Im Frankreich des 18. Jahrhunderts ist der Status eines Menschen durch die Geburt vorgegeben. Ein Aufstieg in eine höhere soziale Schicht ist nicht vorgesehen. Wer wie Anna-Maria Wäscherin ist, bleibt es auch ihr Leben lang.
Aber Anna-Maria gibt sich damit nicht zufrieden. Obwohl sie von ihrem Vormund und der Obrigkeit missbraucht, geschlagen und gedemütigt wird, lässt sie sich nicht unterkriegen. Sie fasst einen Entschluss.
In der Kirche hat sie die Gelegenheit, ein vornehmes Mädchen zu beobachten und ihre Manieren zu studieren.

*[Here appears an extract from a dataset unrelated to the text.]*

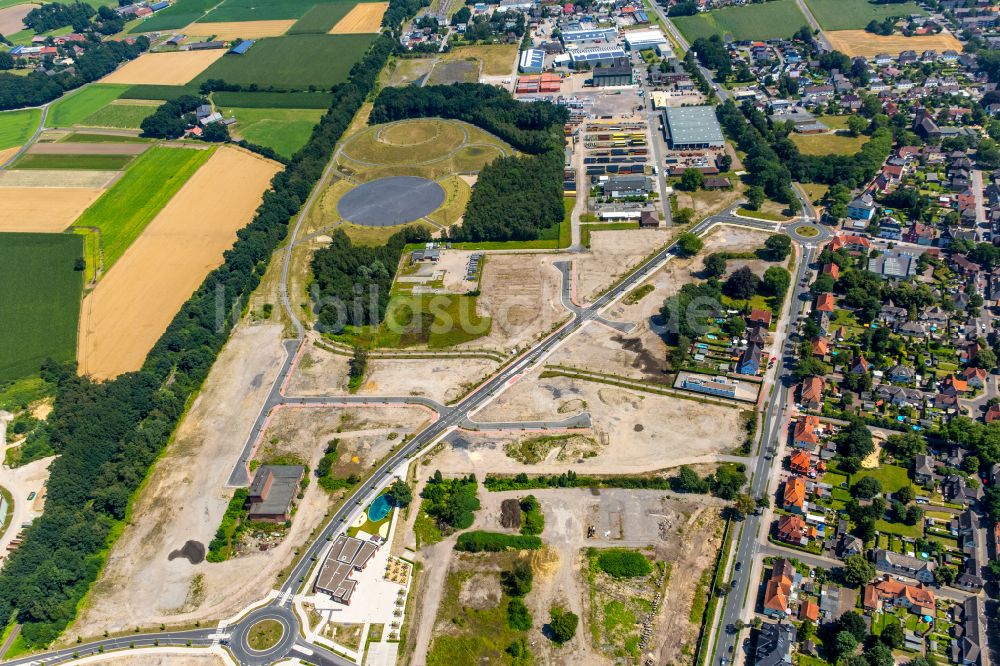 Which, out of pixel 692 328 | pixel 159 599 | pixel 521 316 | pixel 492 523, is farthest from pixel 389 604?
pixel 692 328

Jede ihrer Gesten merkt sie sich. 'Das Raffen der Röcke, die Drehung ihrer Schulter, das Vorneigen und Nachwippen des Kopfs auf dem biegsamen Hals, das Aufsetzen und Abrollen des Schuhs.' Die Lebensverhältnisse des privilegierten Mädchens sind so völlig anders und so verlockend und erstrebenswert.
Anna-Maria macht sich auf den Weg. Gegen alle Hindernisse landet sie in der Dordogne. Sie gibt sich bei einem Winzer als adlige Tochter aus, wird aufgenommen, großzügig ausgestattet und ist ihrem Traum, den Garten von Versailles zu sehen, zum Greifen nah.
Trotzdem, etwas fehlt ' und das hat mit einer Pfauenfeder und deren Besitzer zu tun.
Schließlich fliegt Anna-Maria als Hochstaplerin auf und soll erhängt werden. Aber die Pfauenfeder ist wieder in Sichtweite'
Ich habe dieses Buch in einem Zug verschlungen, so sehr hat mich die Geschichte gefangen genommen. Margrit Schriber hat eine wunderschöne Sprache, die einen direkt in die damalige Zeit versetzt und diese lebendig werden lässt. Es war gar nicht so einfach, aus diesem Buch wieder aufzutauchen.